Qu’un jeune esprit en formation emploie mal certains termes (« Juif » à la place de « sioniste », par exemple), soit mal informé sur certains faits de société et historiques et amalgame des concepts distincts est autre chose ; il incombe alors à tout éducateur au sens large d’instruire, d’expliquer afin d’éclaircir ce qui relève de l’ignorance et/ou de la confusion. J’ajoute que quand le Président de la république lui-même use de l’amalgame entre antisionisme et antisémitisme, on peut difficilement reprocher à un enfant de confondre « sioniste » et « Juif ».

Pour conclure, j’ai envie de dire à M. Blanquer que, en tant qu’enseignante de ce pays, en tant que descendante de Juifs déportés, je ne crois pas que l’on puisse lutter efficacement contre ce fléau qu’est le racisme en confiant ce combat difficile à certains de ses promoteurs, et en bridant le débat d’idées.
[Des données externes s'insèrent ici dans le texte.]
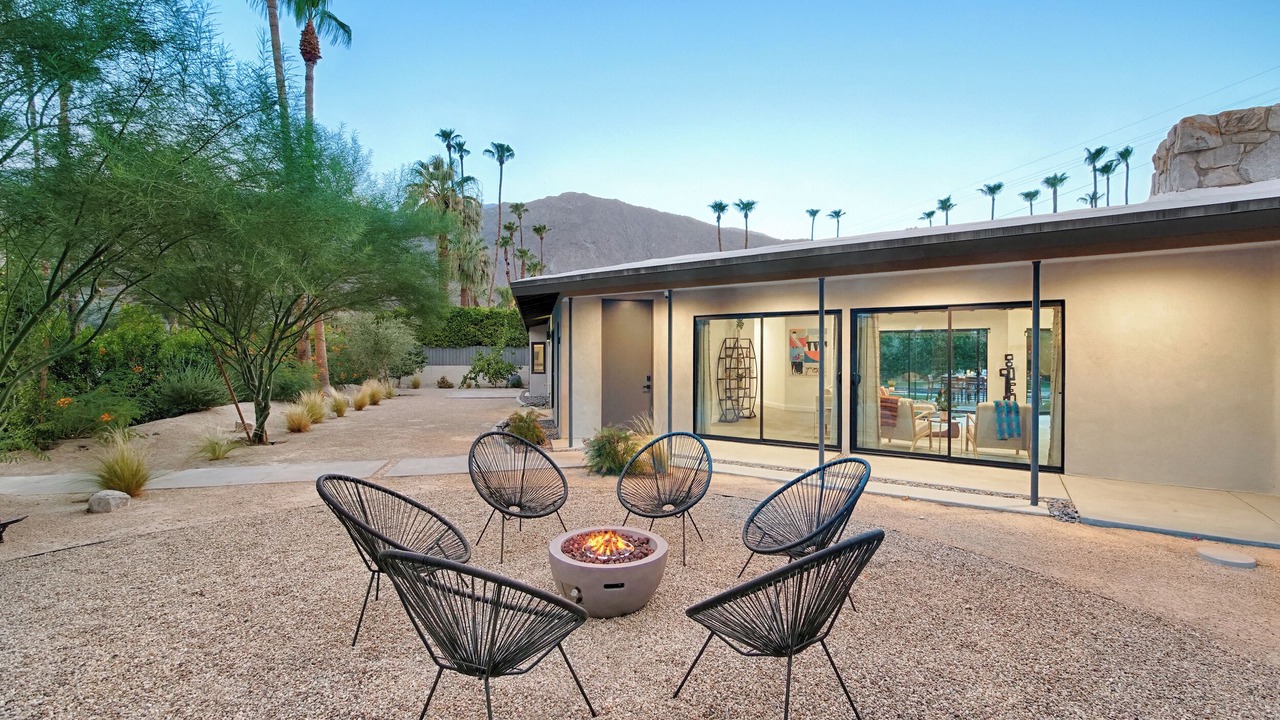 Photo of Patio Balcony in Tahquitz River Estates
Enfin, il me semble urgent et indispensable que les responsables politiques au pouvoir qui n’ont pas de problème à dénoncer, à juste titre, les agressions physiques contre des Juifs s’insurgent tout autant quand les victimes sont des femmes musulmanes voilées ; il me semble urgent et indispensable que nos autorités cessent de laisser mourir dans la Méditerranée et dans nos montagnes des exilés souvent venus d’Afrique ; il me semble urgent et indispensable que notre police cesse de brutaliser des jeunes issus de l’immigration vivant dans les quartiers populaires.

En somme : lorsque tous les racismes seront perçus comme aussi graves les uns que les autres, nous aurons alors une chance de transmettre un message légitime, juste et efficace de lutte contre la haine à tous nos enfants.